_Study material_:
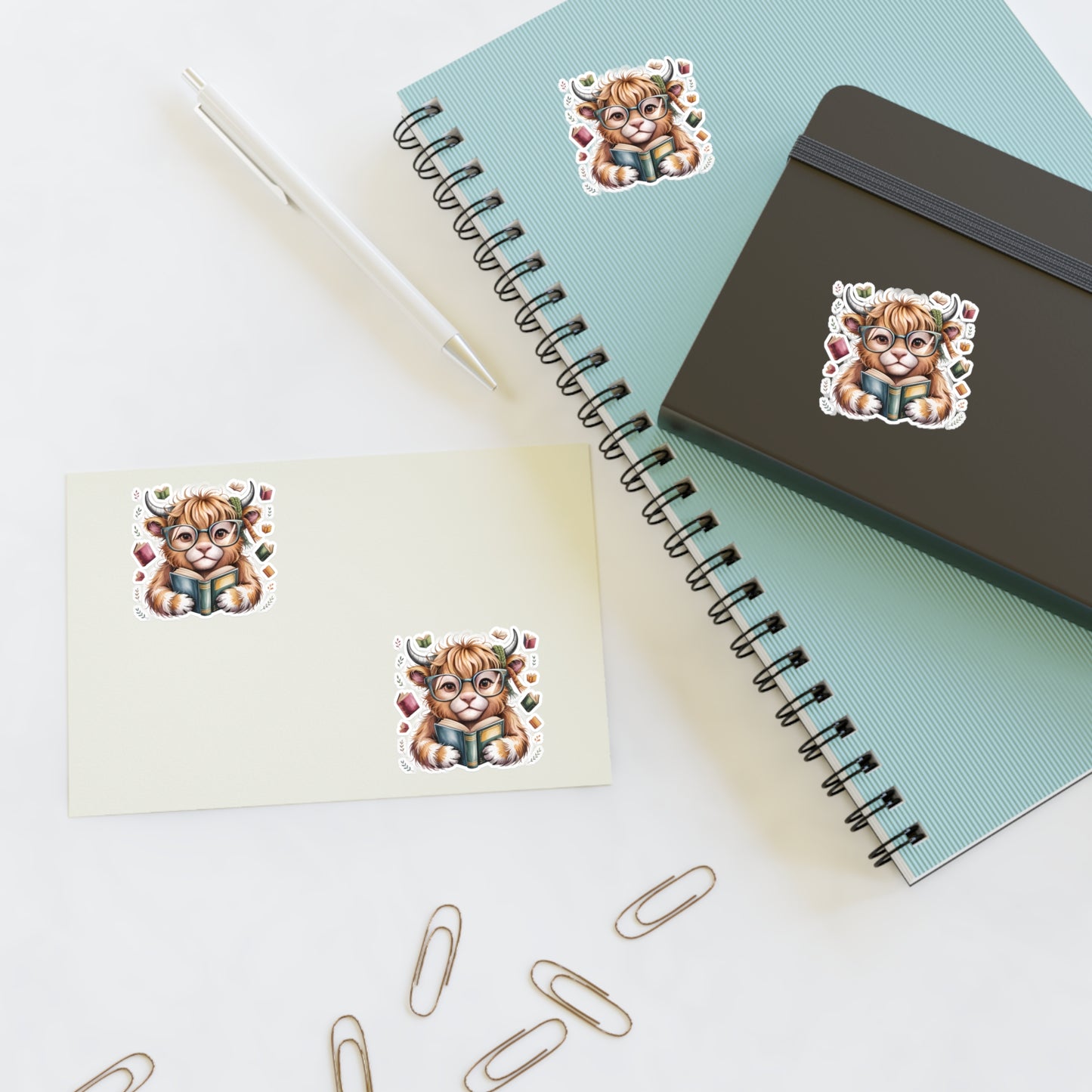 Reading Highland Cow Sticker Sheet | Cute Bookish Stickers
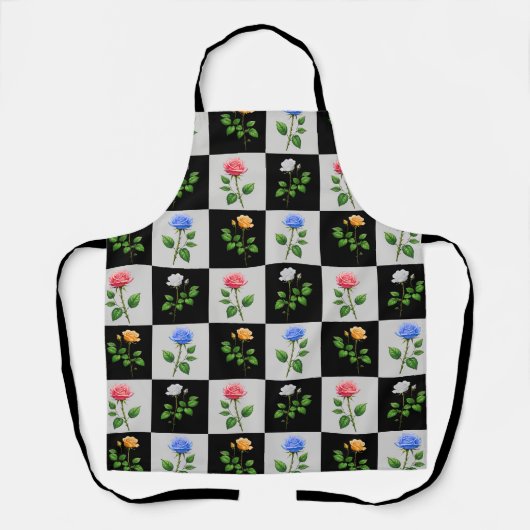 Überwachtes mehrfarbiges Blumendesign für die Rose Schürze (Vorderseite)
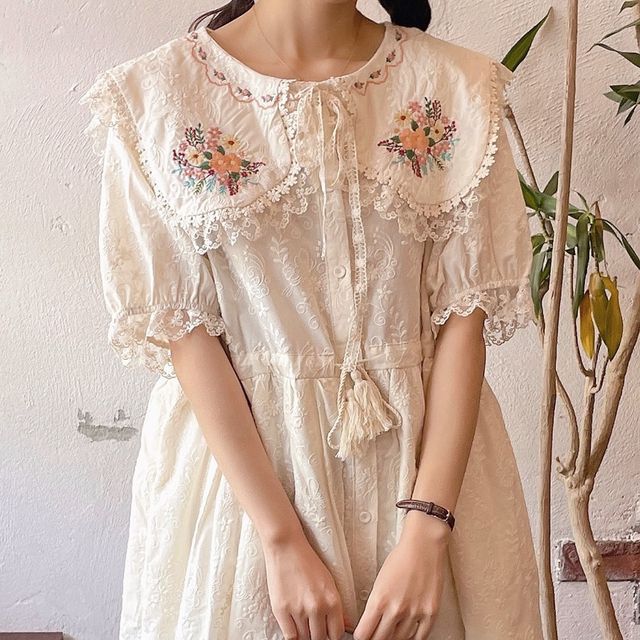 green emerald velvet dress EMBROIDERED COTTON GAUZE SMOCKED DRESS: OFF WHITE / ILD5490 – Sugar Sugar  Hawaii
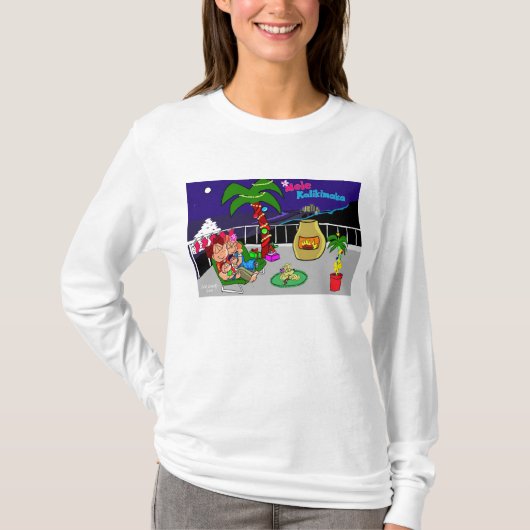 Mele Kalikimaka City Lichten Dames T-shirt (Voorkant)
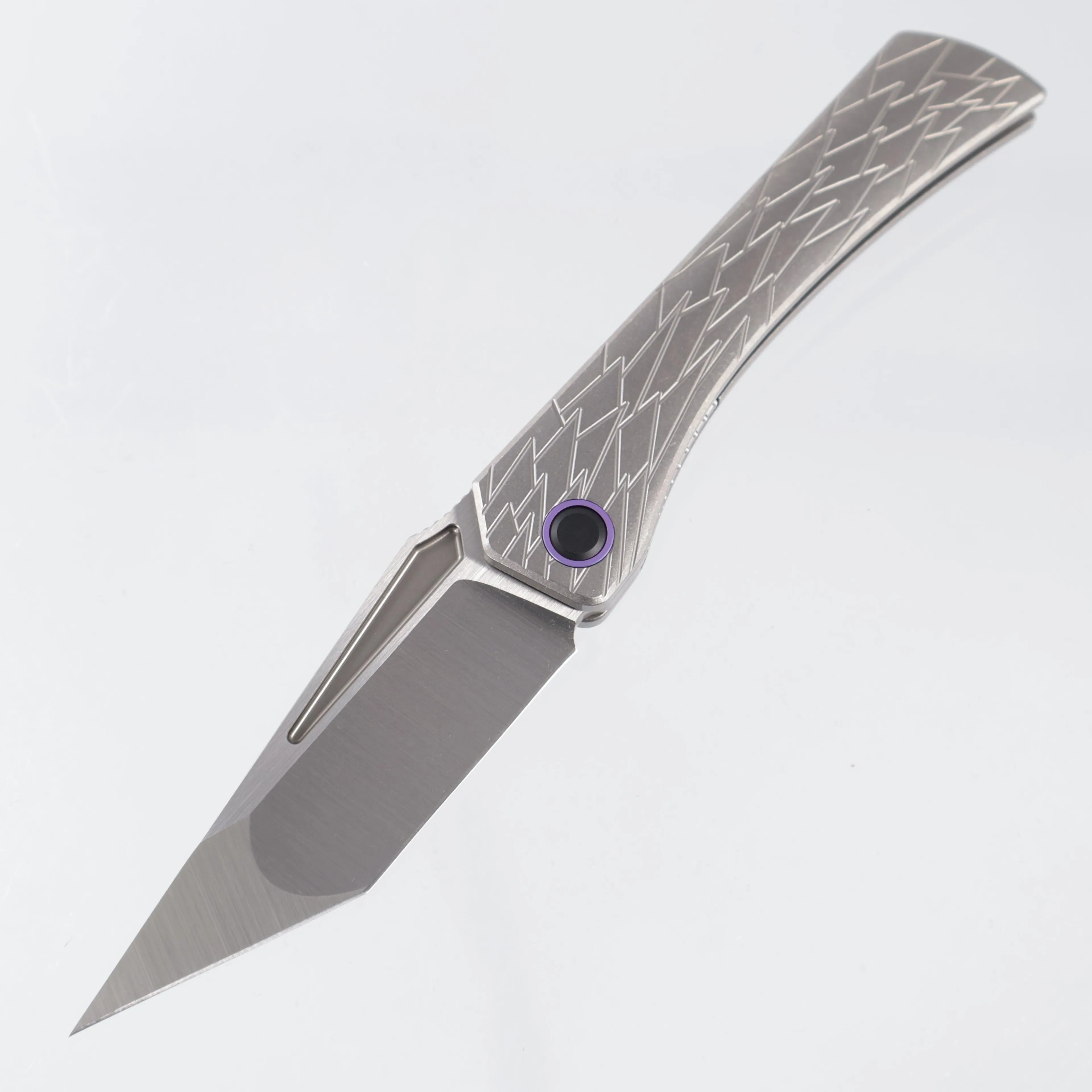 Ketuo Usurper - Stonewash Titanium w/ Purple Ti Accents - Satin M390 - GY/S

...

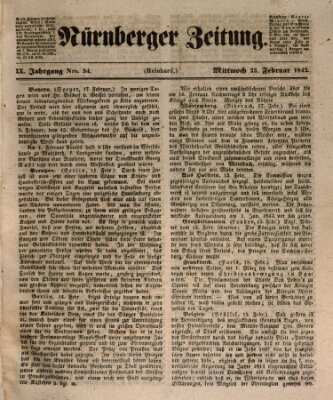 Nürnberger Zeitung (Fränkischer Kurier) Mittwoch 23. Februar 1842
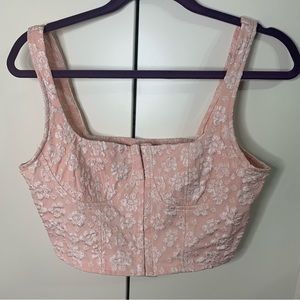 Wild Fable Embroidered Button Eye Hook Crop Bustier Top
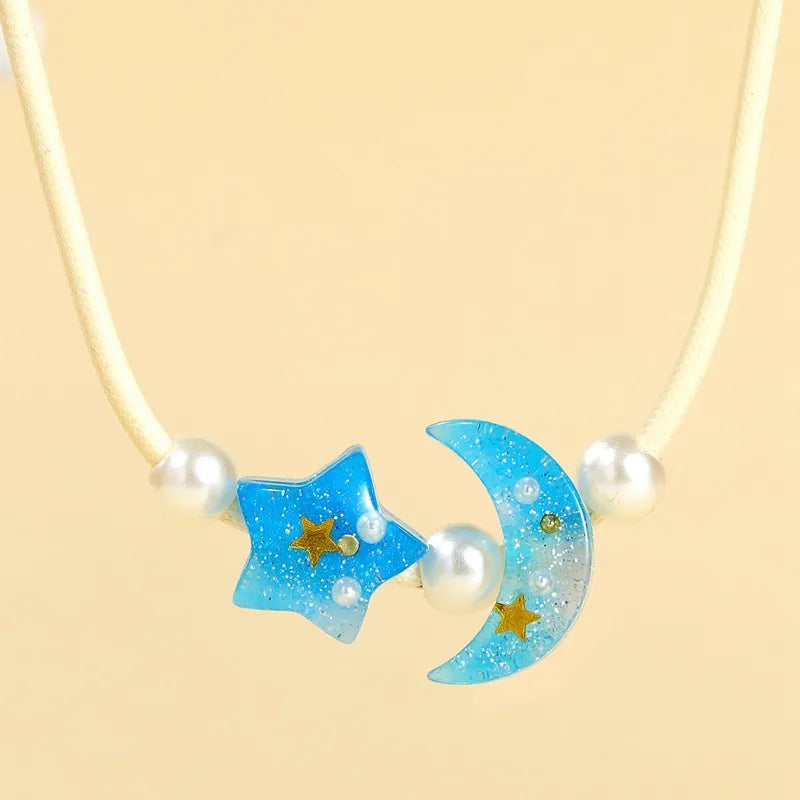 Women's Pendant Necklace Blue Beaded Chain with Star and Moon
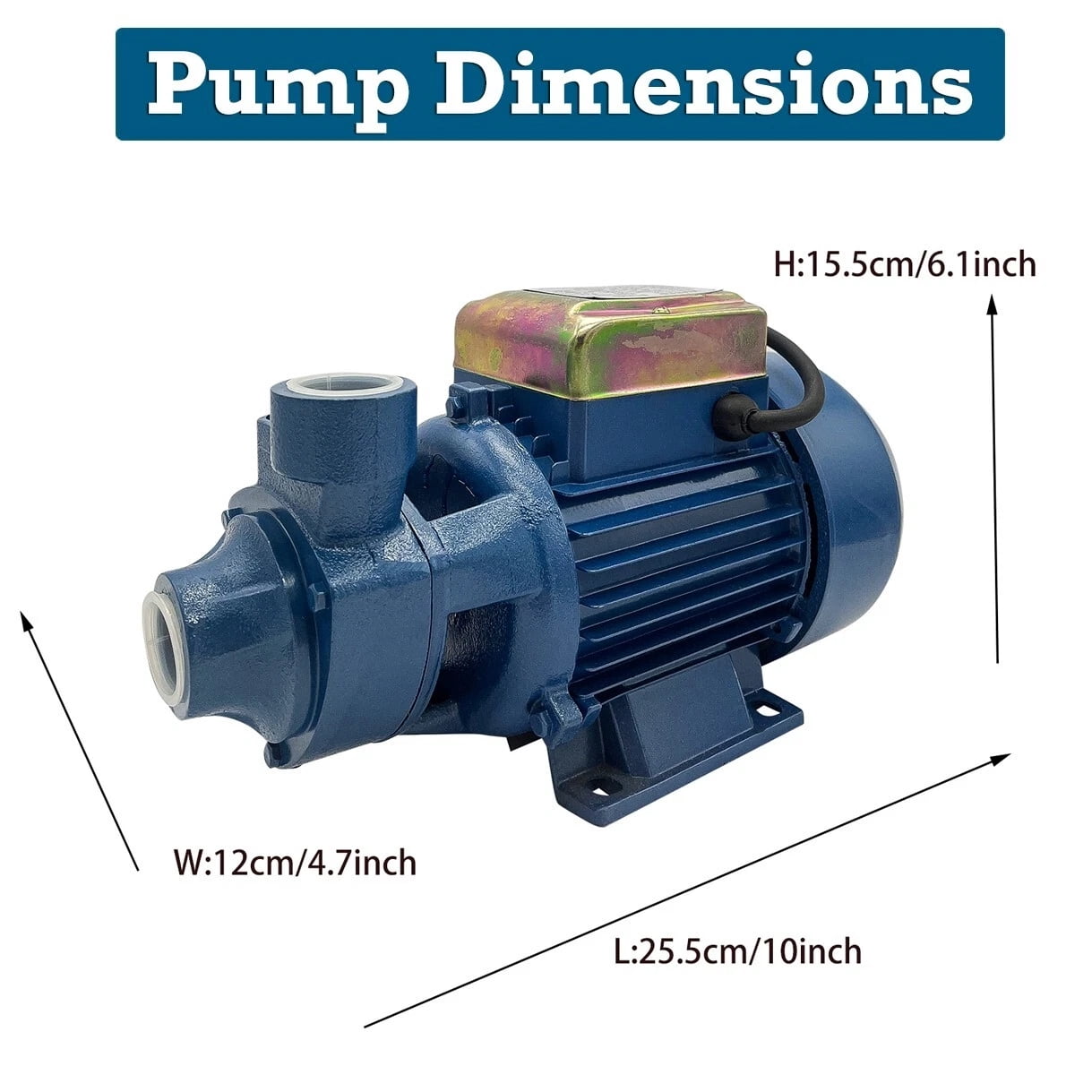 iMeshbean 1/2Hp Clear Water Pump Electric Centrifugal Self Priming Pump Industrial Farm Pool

---

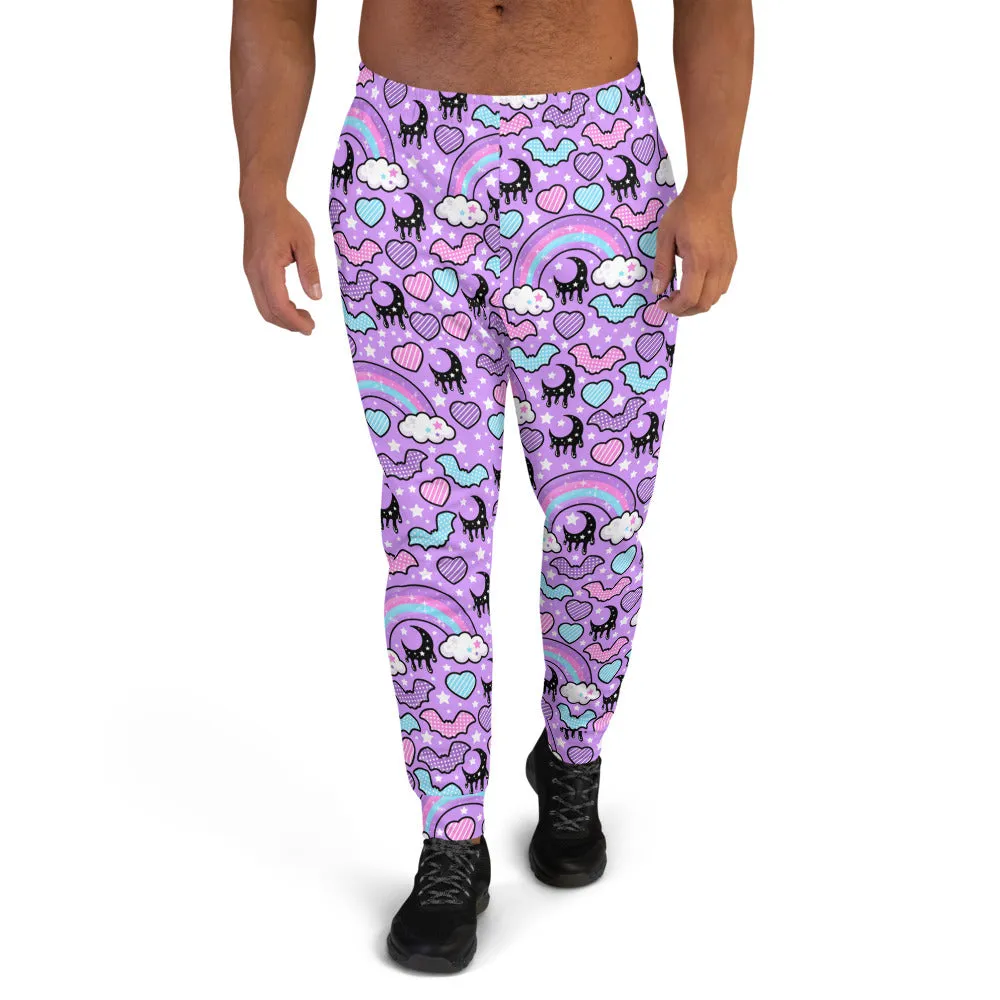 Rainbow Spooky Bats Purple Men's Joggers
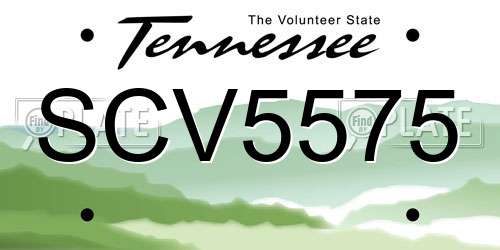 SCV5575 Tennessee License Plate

_Exercise description_: Please set down, exactly and with no pictures, the lines in the entries above starting at the one holding "Rainbow Spooky Bats Purple Men's Joggers" and ending at the one holding "SCV5575 Tennessee License Plate", ends included.

_Solution_:
 Rainbow Spooky Bats Purple Men's Joggers
 SCV5575 Tennessee License Plate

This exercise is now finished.